Pulkit Agrawal
5 min read

Why User Onboarding Isn't Just Your Designer's Job

Your product and marketing team can help drive up new user activation and retention.

Often it is assumed that user onboarding is the designer's job. This might make sense if you believe that good onboarding is only about design. But, as we've explained before, just because your product is easy-to-use does not mean people will use it!

The first step to great user onboarding is understanding that it takes more than visual design to solve the problem of user engagement. To do this, experts recommend having clear responsibility and accountability for managing onboarding and engagement across your product and company.

Even if your designer will be responsible for user onboarding, use the following advice to help ensure a holistic approach that will lead to higher activation, retention and engagement with your product or feature.

What Is (and Isn't) Your Designer's Job

The best way to explain the relationship between user onboarding, user engagement, and product design is through the BJ Fogg Model. BJ Fogg, behavioral scientist and founder of the Persuasive Technology lab at Stanford, discovered that the combination of three factors determines behavior.

  1. Ease of use (someone's capability to perform a behavior)
  2. Value proposition (someone's motivation to perform that behavior)
  3. Prompts (triggers/nudges for them to perform that behavior)

The balance of these three elements can determine whether or not users engage with your product. Here's a visual representation of his model, applied to product usage, designed in collaboration with Chameleon and BJ Fogg. Disengaged product users fall on the “fail” side of the curve, while engaged users fall on the “succeed” side.

The Interface axis (how easy your product is to use) is your designer's primary responsibility. But because these three factors model together, designing an easy-to-use interface alone isn't enough to make a user engage.

It's very plausible to have an intuitive interface that falls on the wrong side of the engagement curve, because value proposition is low:

To win on engagement you need a combination of strong value proposition, intuitive design and effective prompts.

Your Core Product Team Creates Your Value Proposition

Let's consider two aspects of value proposition: the strategic and the tactical.

Value proposition is the reason people start companies. Uber wanted to create an easier, sleeker taxi system; Grubhub wanted to make a one-stop shop for food delivery. Therefore part of your success depends on the fundamentals of your company or product mission and how well that matches the market needs. This is the strategic aspect, which requires the founders or executive team to decide and refine. If this is not working then you may see a company pivot.

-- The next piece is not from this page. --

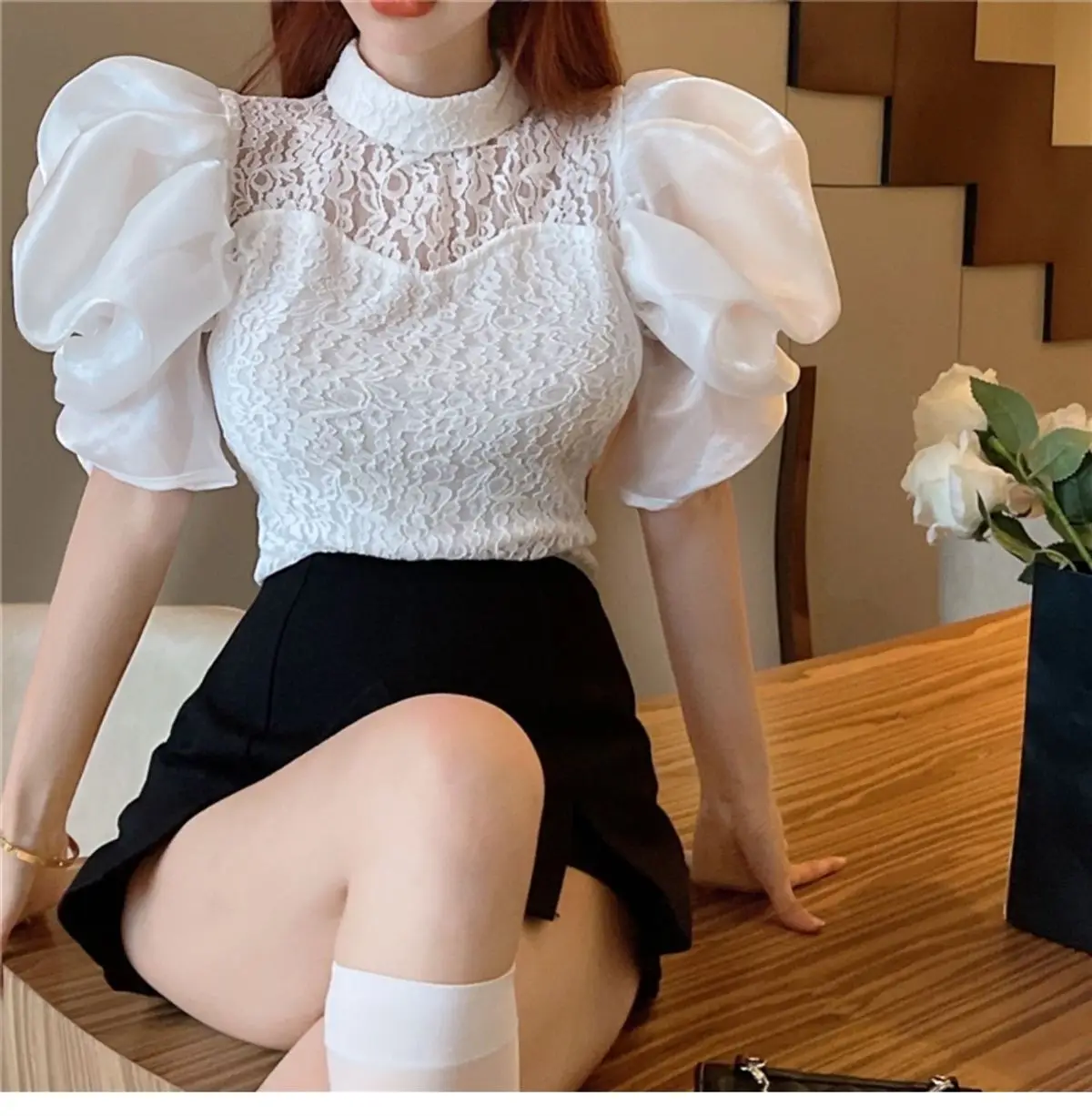 Korean V-neck Bubble Sleeve Irregular Top Women's Design Pleated Slim Short Sleeve T-shirt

The tactical part is how you communicate this value proposition to your users such that they “get it”. This is a critical component of user onboarding, because it supplies the motivation for users to TRY your product and features, both at sign-up and over the course of their lifecycle. Are you communicating your core value proposition to them again and again until they internalize it?

As the market evolves your strategic value proposition should too. For example, Netflix announced “airplane mode” to give users offline viewing privileges, which fundamentally deepens the service it offers its users.

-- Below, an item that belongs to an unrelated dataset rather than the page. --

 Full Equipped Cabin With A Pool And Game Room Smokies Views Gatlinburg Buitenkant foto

As this changes and as you continue to grow, your product team is responsible for delivering your tactical value proposition. Figuring out how to communicate it, through which channels, at what time, to which users, requires input beyond just your designers.

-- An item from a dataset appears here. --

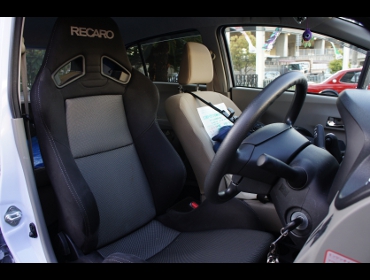 RECARO�i���J���V�[�g�j�@DAIHATSU�@�~���C�[�X�@LA300S�Ƀ��J���@SR-7 SK100�@BK/SIL�@����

Your Marketing Team Creates Your Prompts

Prompts — what we traditionally think of as onboarding — are both reminders that users should be taking advantage of your product, and instructions on how to. A little prompting can make all the difference in engaging a user who might not know about (or know they're interested in) a certain feature.

Nudging your users at the right time, in the right channel, and with the right information can drive them over the edge into the “success” zone on the BJ Fogg model.

Onboarding efforts, like product tutorials, aren't merely instructional—they're marketing tools. Marketing used to be the process of convincing a customer to try a product—a marketer's work was done when the customer downloaded the app.

But now, where it takes so little effort to try out an app, the primary marketing challenge isn't convincing a customer to start using it; it's convincing a customer to keep using it. A good chunk of that convincing should take place inside your app, through prompting.

Until recently, these onboarding efforts *couldn't *be taken up by the marketing team because they required such a high level of technical knowledge. But Chameleon makes building and managing these prompts accessible to non-technical team members, and so easy to incorporate into your marketing strategy.

That You Delegate Matters More Than How You Delegate

Each element of the BJ Fogg model — interface, value proposition, and prompting — is integral to engaging your users. While most teams prioritize UI, the other two elements shouldn't be an afterthought. Shaping your value proposition should occur every day on the product team, and your marketers should focus on how to prompt your users to engage.

It's necessary to prioritize all three of these elements. But if you overload them on your designer, all three will suffer.

We've given you guidelines for delegating them, but there's no perfect system for doing so that applies to every team. Delegating each element of your user engagement will make sure each gets the attention that it deserves—and keep your business thriving.